Do you know what a “smoot” is?
I’ll give you a hint: It is a measure of distance that has to do with MIT, a fraternity prank, and a 5 foot 7 inch man named Oliver R. Smoot.
Give up? Like with so many college stories, this one finds its origin in a fraternity prank. Back in 1964, the fraternity Lambda Alpha Chi decided to make a pledge named Oliver R. Smoot measure the local Harvard bridge using only his body. Smoot, willing to do more than me for the admiration of his peers, laid down at the beginning of the bridge, marked where his body ended, then moved up a bit, and did the whole thing all over again. He repeated this process until he made it to the other side of the bridge.
So how many smoots is the Harvard bridge? 364.4 and an ear.
The measuring of Smoot is part of a larger process at the university called an “MIT hacks”, and it is probably the most famous one to date.

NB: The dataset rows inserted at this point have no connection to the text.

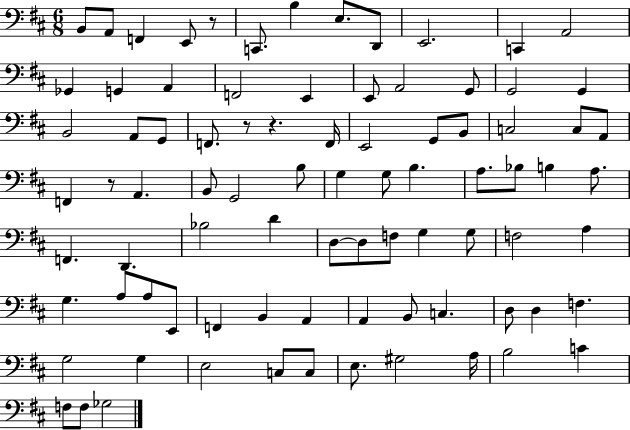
B2/e A2/e F2/q E2/e R/e C2/e. B3/q E3/e. D2/e E2/h. C2/q A2/h Gb2/q G2/q A2/q F2/h E2/q E2/e A2/h G2/e G2/h G2/q B2/h A2/e G2/e F2/e. R/e R/q. F2/s E2/h G2/e B2/e C3/h C3/e A2/e F2/q R/e A2/q. B2/e G2/h B3/e G3/q G3/e B3/q. A3/e. Bb3/e B3/q A3/e. F2/q. D2/q. Bb3/h D4/q D3/e D3/e F3/e G3/q G3/e F3/h A3/q G3/q. A3/e A3/e E2/e F2/q B2/q A2/q A2/q B2/e C3/q. D3/e D3/q F3/q. G3/h G3/q E3/h C3/e C3/e E3/e. G#3/h A3/s B3/h C4/q F3/e F3/e Gb3/h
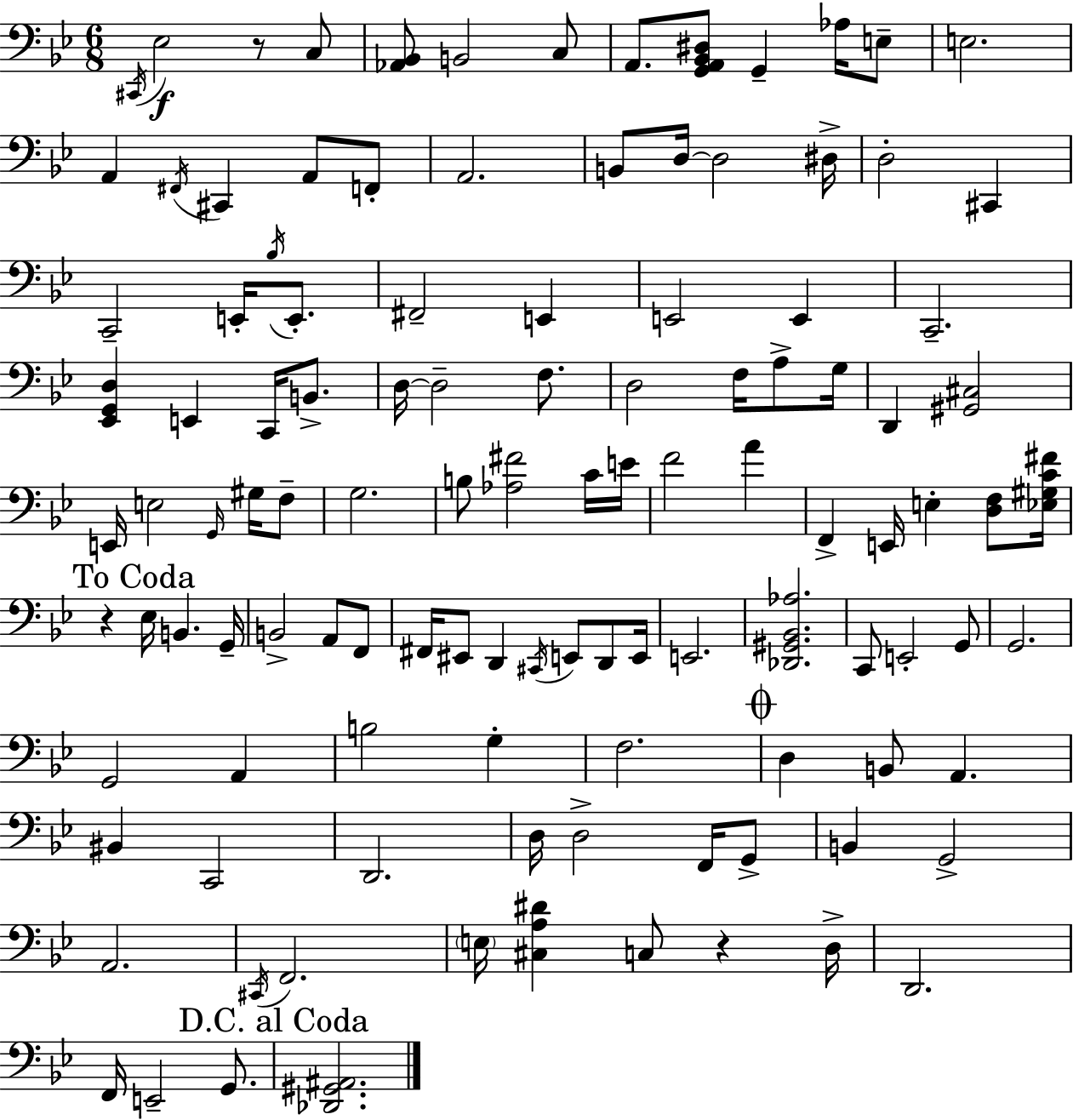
{
  \clef bass
  \numericTimeSignature
  \time 6/8
  \key bes \major
  \repeat volta 2 { \acciaccatura { cis,16 }\f ees2 r8 c8 | <aes, bes,>8 b,2 c8 | a,8. <g, a, bes, dis>8 g,4-- aes16 e8-- | e2. | \break a,4 \acciaccatura { fis,16 } cis,4 a,8 | f,8-. a,2. | b,8 d16~~ d2 | dis16-> d2-. cis,4 | \break c,2-- e,16-. \acciaccatura { bes16 } | e,8.-. fis,2-- e,4 | e,2 e,4 | c,2.-- | \break <ees, g, d>4 e,4 c,16 | b,8.-> d16~~ d2-- | f8. d2 f16 | a8-> g16 d,4 <gis, cis>2 | \break e,16 e2 | \grace { g,16 } gis16 f8-- g2. | b8 <aes fis'>2 | c'16 e'16 f'2 | \break a'4 f,4-> e,16 e4-. | <d f>8 <ees gis c' fis'>16 \mark "To Coda" r4 ees16 b,4. | g,16-- b,2-> | a,8 f,8 fis,16 eis,8 d,4 \acciaccatura { cis,16 } | \break e,8 d,8 e,16 e,2. | <des, gis, bes, aes>2. | c,8 e,2-. | g,8 g,2. | \break g,2 | a,4 b2 | g4-. f2. | \mark \markup { \musicglyph "scripts.coda" } d4 b,8 a,4. | \break bis,4 c,2 | d,2. | d16 d2-> | f,16 g,8-> b,4 g,2-> | \break a,2. | \acciaccatura { cis,16 } f,2. | \parenthesize e16 <cis a dis'>4 c8 | r4 d16-> d,2. | \break f,16 e,2-- | g,8. \mark "D.C. al Coda" <des, gis, ais,>2. | } \bar "|."
}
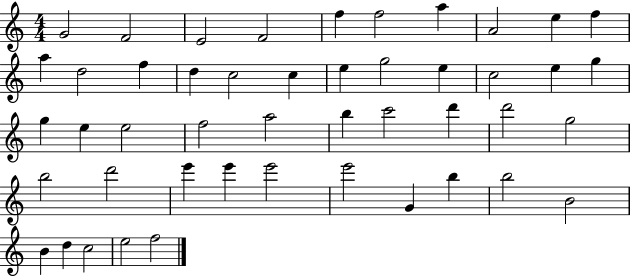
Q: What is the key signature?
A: C major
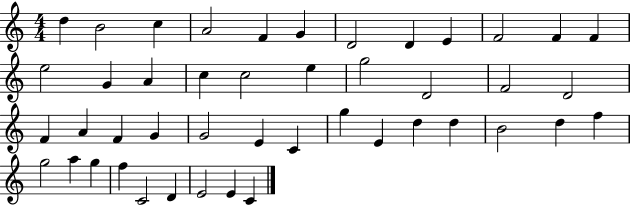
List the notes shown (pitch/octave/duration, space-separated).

D5/q B4/h C5/q A4/h F4/q G4/q D4/h D4/q E4/q F4/h F4/q F4/q E5/h G4/q A4/q C5/q C5/h E5/q G5/h D4/h F4/h D4/h F4/q A4/q F4/q G4/q G4/h E4/q C4/q G5/q E4/q D5/q D5/q B4/h D5/q F5/q G5/h A5/q G5/q F5/q C4/h D4/q E4/h E4/q C4/q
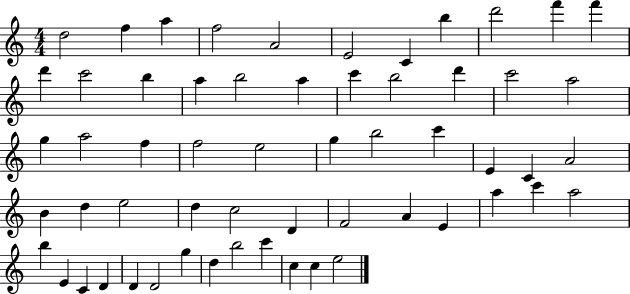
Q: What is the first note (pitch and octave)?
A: D5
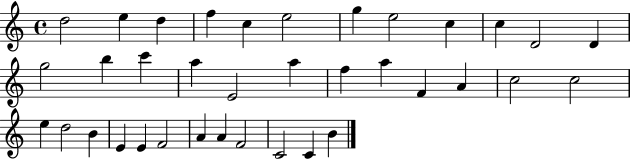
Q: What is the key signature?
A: C major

Essentially, an MIT hack is a practical joke which is meant to demonstrate a student’s technical prowess. Other hacks include putting a fire truck, with flashing lights, on top of the Great Dome, which is a large dome-like building on MIT. Another group of students have also attached a “Go Sox!” banner across two dormitories, spanning over 1000 feet.
Even though these pranks are done for fun by the students, and in no way officially sanctioned by the university, they show that MIT not only has a rigorous educational program (and considered one of the top schools for economics), but they also have a diverse and exciting student body who demonstrate their skills both inside and outside of class. If you find yourself near the MIT campus you can actually still see the marks along the side of the bridge where Smoot originally made his incremental measurements.